Variational Autoencoder and Covariance Matrix Why does the encoder from a variational autoencoder map to a vector of means and a vector of standard deviations? Why does it not instead map to a vector of means and a covariance matrix?
Is it because we want our latent vectors to have zero covariance between components?
 A: The diagonal covariance matrix is an explicit statement about the kind of latent representation the researcher wants the model to learn: a representation that can be modeled as independent Gaussians.
Additionally, @Firebug points out in comments that a symmetric, PD matrix can be diagonalized without any loss of information. In other words, for some symmetric, PD matrix $A$, we can write $A=PDP^\top$ for $D$ some diagonal matrix and $P$ can be chosen to be orthonormal. This retains the same information in the sense that $A$ is rotated to have orthogonal coordinates.
Purely from the perspective of abstraction, there is no reason you must be limited to learning a latent representation that is composed of independent Gaussians. However, the computational side seems challenging.
The standard VAE encoder for a single sample produces latent parameters $(\mu, \sigma)$ its input. Then it uses the re-parameterization trick to draw random samples from that distribution. There are $d$ elements in each of $\mu$ and $\sigma$ so the total number of latent parameters is $2d$.
An alternative model that includes a covariance matrix would need some method to produce a covariance matrix, so the output of the encoder is $(\mu, \Sigma)$.
If your latent space has dimension $d$, you're doing inference on each of the $d$ elements of $\mu$ and each of the $\frac{d(d+1)}{2}$ elements of $\Sigma$ (because $\Sigma$ is symmetric by definition), for a total of $\frac{d(d+3)}{2}$ elements. Any time you have more than 1 latent dimension, the covariance matrix model will have more latent parameters to learn compared to the diagonal model.

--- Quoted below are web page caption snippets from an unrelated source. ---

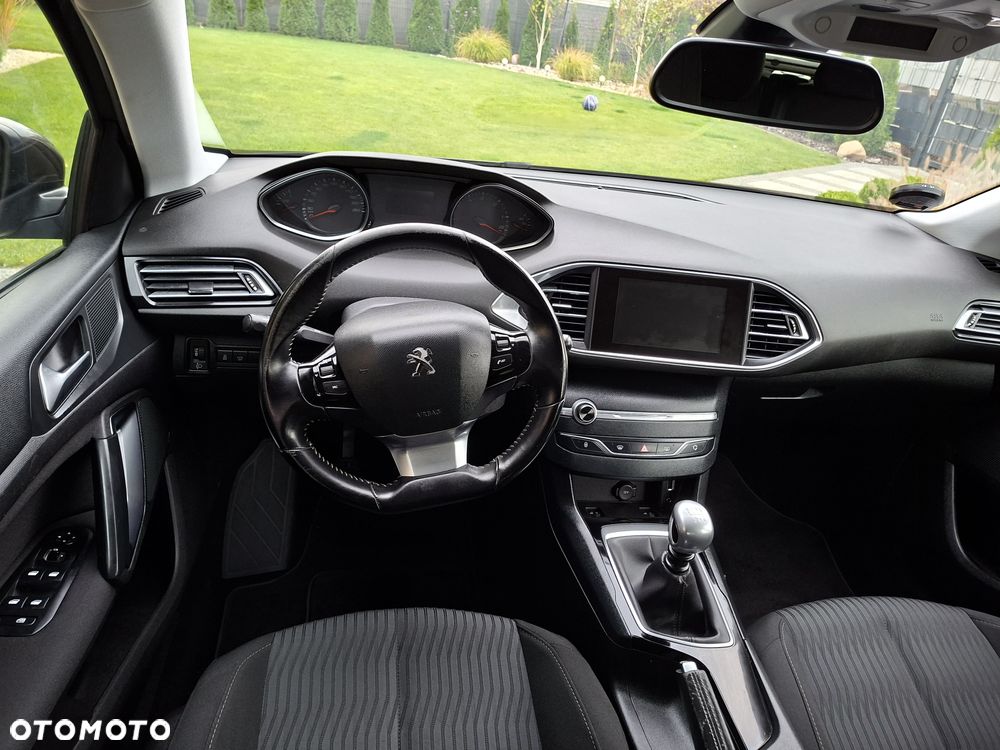 Peugeot 308 - 8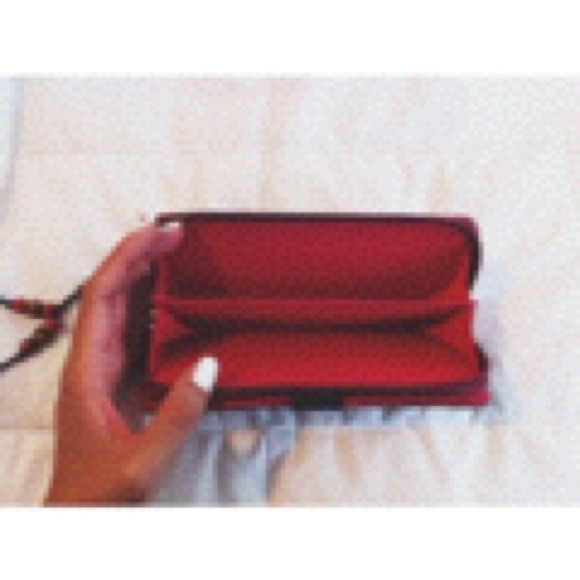 STUSSY SKELETON/TRIBAL CLUTCH - Picture 3 of 4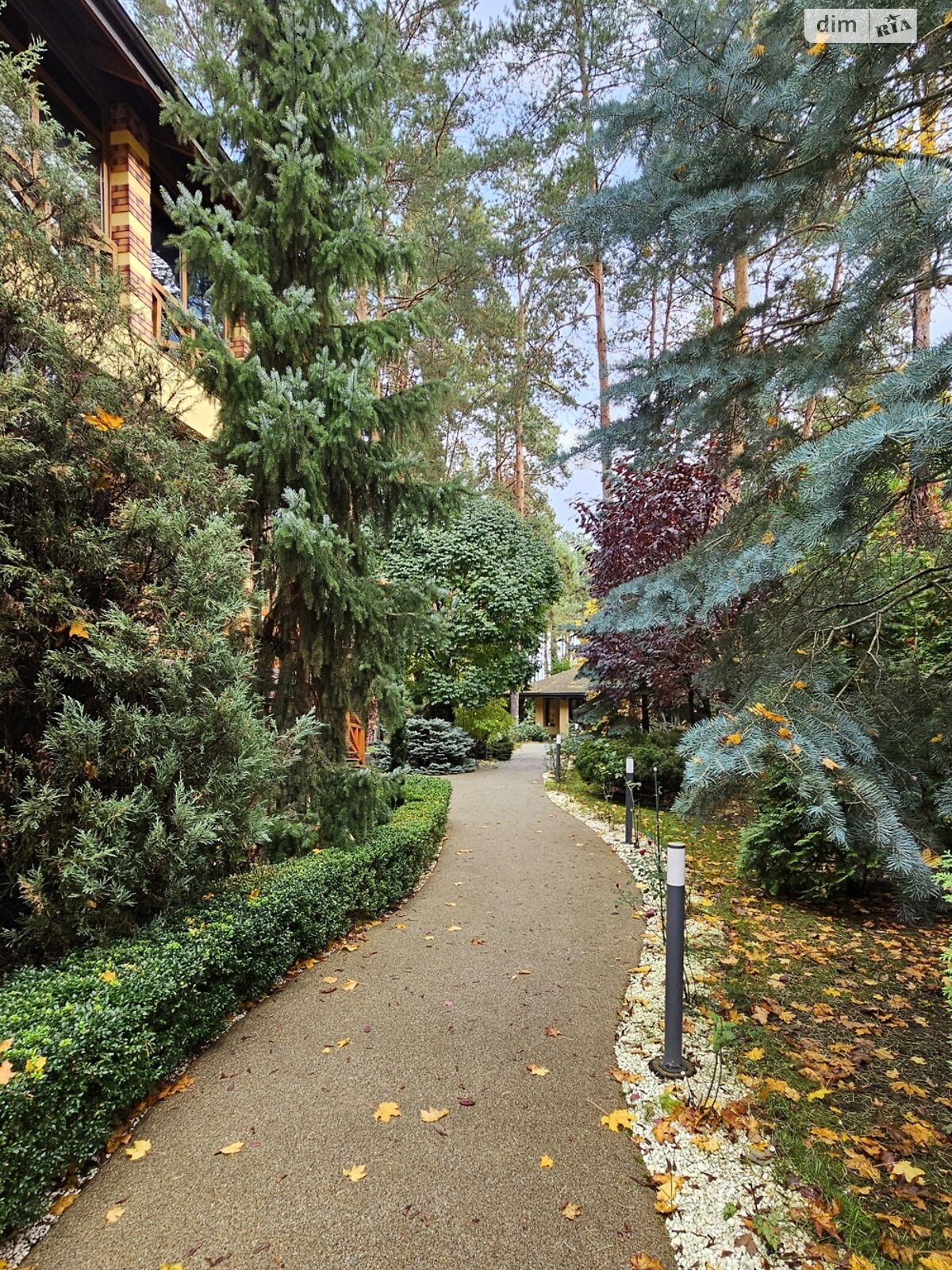 двоповерховий будинок з гаражем, 600 кв. м, цегла. Продаж у Стоянці фото 1 двоповерховий будинок з гаражем, 600 кв. м, цегла. Продаж у Стоянці фото 1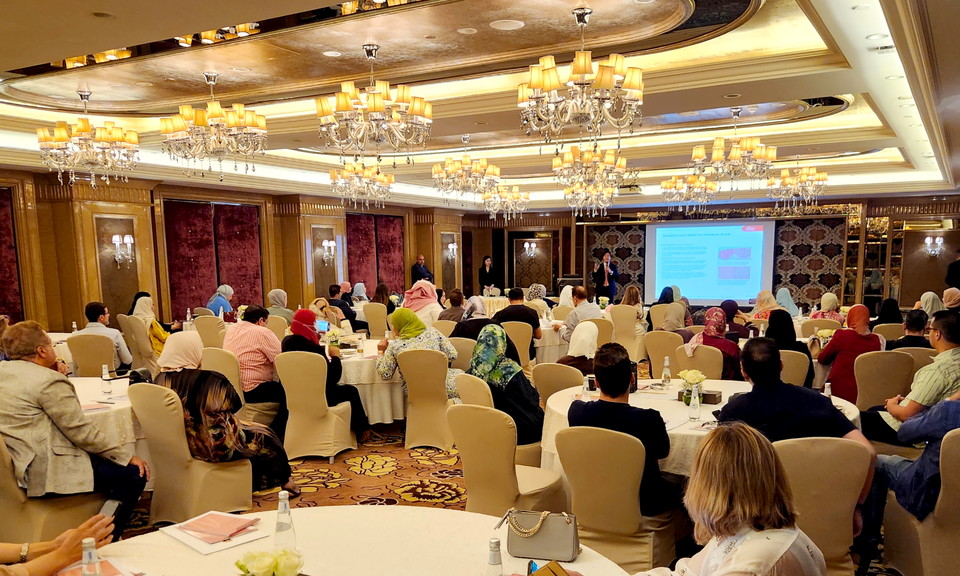 지난 1일과 2일(현지 시각) 사우디에서 열린 '뉴라미스' 론칭 심포지엄에서 노형주 성형외과 전문의가 현지 피부과 의사들을 대상으로 강연을 진행하고 있다. / 사진=메디톡스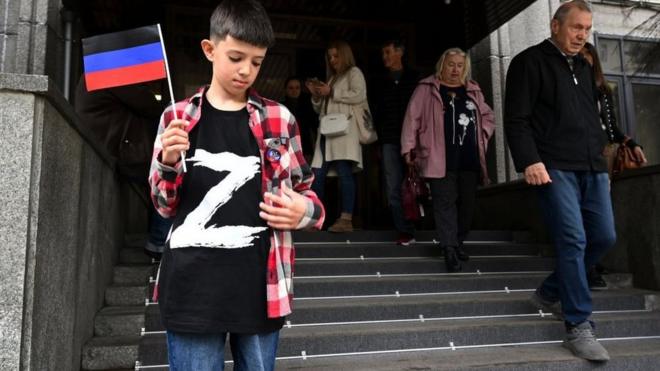 Хлопчик на вході посольства "ДНР" в Москві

Furthermore, the multivariate normal distribution requires that $\Sigma$ be positive definite, so we must somehow guarantee that, for each sample, we generate a PD matrix. (Using an alternative strategy, such as factorizing into standard deviations and correlation matrix $\Omega$, i.e. $\Sigma = (\sigma I) \Omega (\sigma I)$, will increase the number of effective parameters without solving the PD problem, since now we must guarantee that $\Omega$ is PD.)
Additionally, we must also be able to backprop that procedure so that the encoder weights can be updated. This may or may not be possible, depending on the strategy used to generate $\Sigma$ and draw a deviate from the multivariate Gaussian.
These three issues -- more parameters, assuring differentiability, positive definiteness -- are challenging.
If you're contemplating undertaking research to overcome these challenges, that's great! But one must ask, why is this a good model? What problems does it solve which are not solved by the diagonal Gaussian VAE model, or an alternative non-Gaussian VAE model (e.g. a Dirichlet VAE)?
A: I'm working on something like this now. 
Let's say the researcher wants a full covariance latent variable $Z ~ N(mu, \Sigma)$. Like the multiplication trick from VAE, we can have a matrix multiplication trick. Still sample from a high dimensional unit Gaussian, $e \sim N(0, I)$. 
There is this property of linear transformations of high D Gaussians: https://www.statlect.com/probability-distributions/normal-distribution-linear-combinations#hid2. If we want the transformed covariance to be $\Sigma$, we have to hit $e$ with the matrix square root of the proposal covariance $\Sigma^{1/2}e \sim N(0, \Sigma)$. 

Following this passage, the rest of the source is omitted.